Petite histoire de l’immigration percheronne

Ils se nommaient Tremblay, Gagnon, Juchereau, Drouin ou Boucher et venaient de Tourouvre, du Pin-la-Garenne ou de Mortagne-au-Perche… Au XVIIème siècle, ils tentent l’aventure de la Nouvelle-France. Trois siècles plus tard, les liens entre le Perche et le Canada sont toujours solides, en témoignent les nombreux descendants de ces illustres pionniers qui reviennent chaque année sur les traces de leurs ancêtres.

Hommes, femmes, seuls ou en famille, artisans, bûcherons, laboureurs, « filles du roi », religieux, soldats, marins, ils ont été les premiers, au XVIIe siècle, à peupler le Canada.

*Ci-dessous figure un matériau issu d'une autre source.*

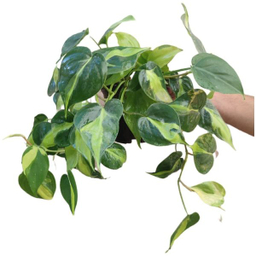 گیاه طبیعی اسکاندیس ابلق مدل 03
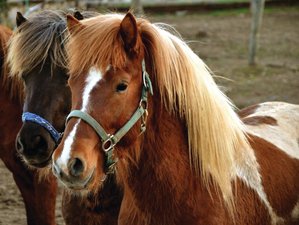 4 Days Icelandic Horses Holiday with Field Riding in Prestranek, Slovenia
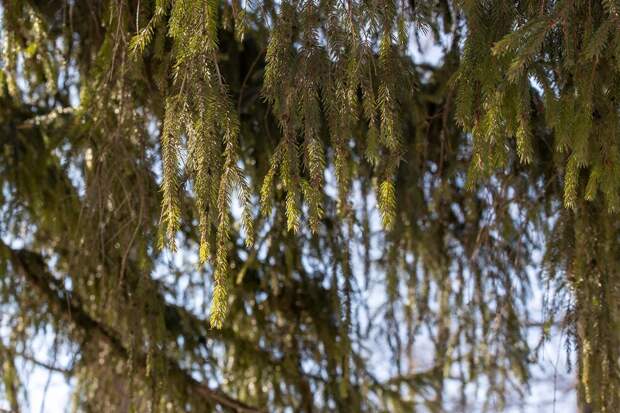 В Туле 21 марта продолжится магнитная буря и потеплеет до +8 градусов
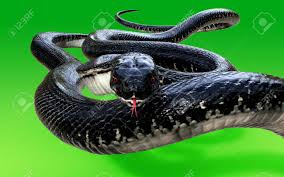 3d King Cobra Black Snake Le Serpent Venimeux Le Plus Long Du Monde Isole Sur Fond Vert King Cobra Serpent 3d Illustration King Cobra Serpent 3d Rendu Banque D Images Et Photos Libres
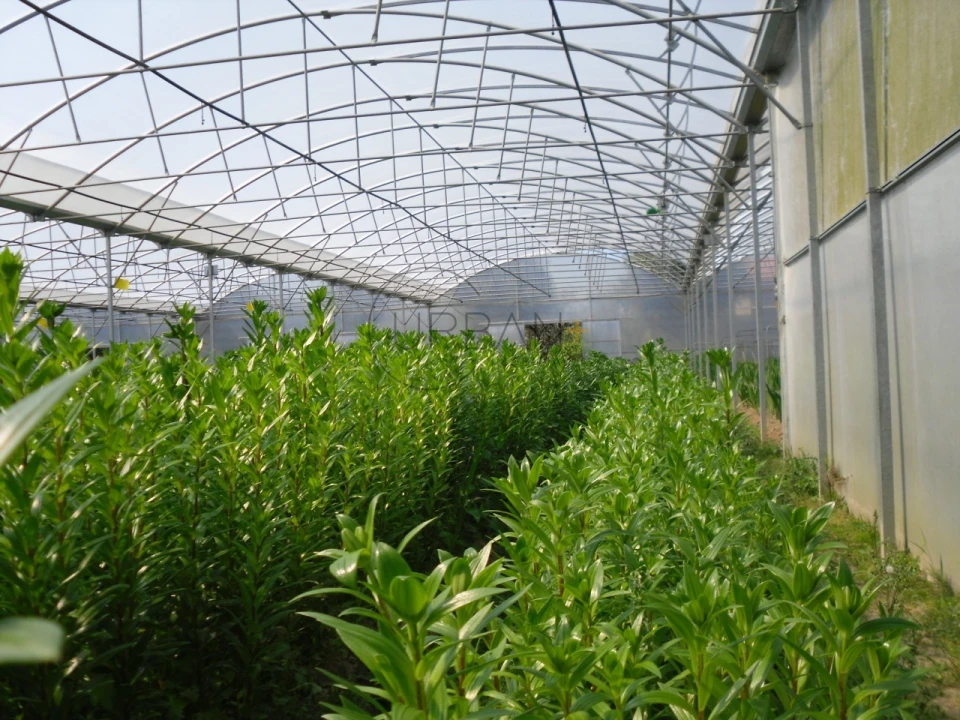 Quinta para Venda em Canas de Senhorim Foto 3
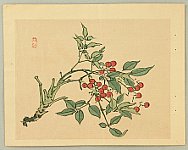 Bairei Kono 1844-1895 - Red Berries - artelino Art Auctions. Bairei Kono 1844-1895 - Red Berries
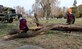 Anna Myers, age three, and Finnigan Myers, age six, children of U.S. Army Lt. Col. Vince Myers, McDonald Army Health Center commander, use a log as a seesaw during a restoration project at Pleasant Shade Cemetery in Hampton, Va. Dec. 2, 2017.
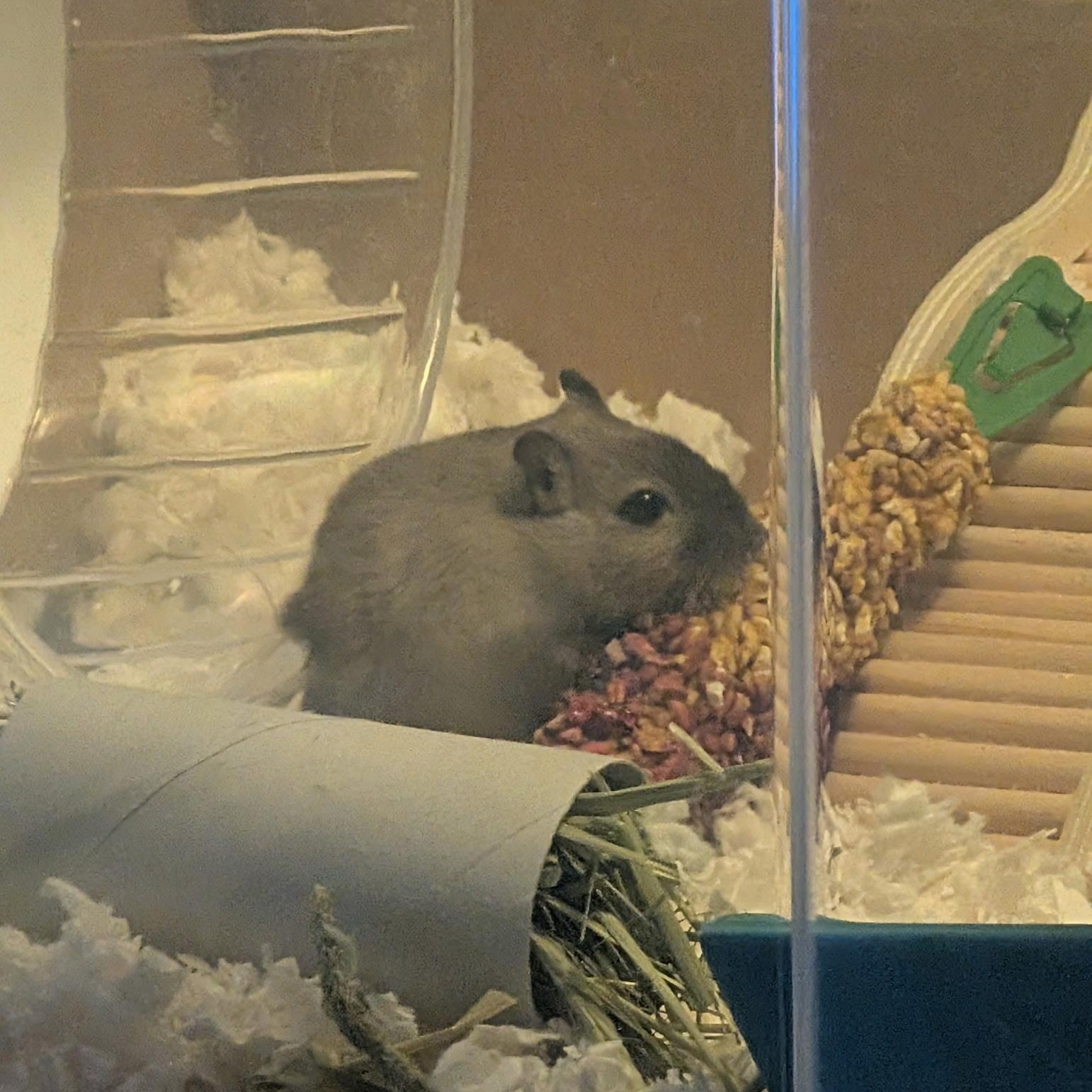 Enlarge Pomelo, a ADOPTABLE Gerbil in Saint Paul, MN image 1/2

Vitrail de l’église de Tourouvre : Depart de Julien Mercier pour l’Amerique en 1647

Ils sont partis de Bretagne, de Poitou, d’Ile-de-France, de Normandie (etc.) et du Perche. Ils ont affronté une traversée transatlantique, défié les hivers, défriché et bâti les premières maisons sur les rives du Saint-Laurent. Avec courage, ils ont tenté et réussi l’aventure du Nouveau Monde. Leurs lieux d’implantation furent Québec, la Côte de Beaupré, l’île d’Orléans à partir de 1634,  puis Montréal. 

Sous l’impulsion du médecin apothicaire Robert Giffard (membre de la Compagnie des Cent Associés) et des frères Juchereau, riches négociants de la Province du Perche, Tourouvre fut, avec Mortagne-au-Perche, Saint-Cosme-en-Vairais et une trentaine d’autres paroisses de la province, l’un des foyers d’émigration les plus actifs.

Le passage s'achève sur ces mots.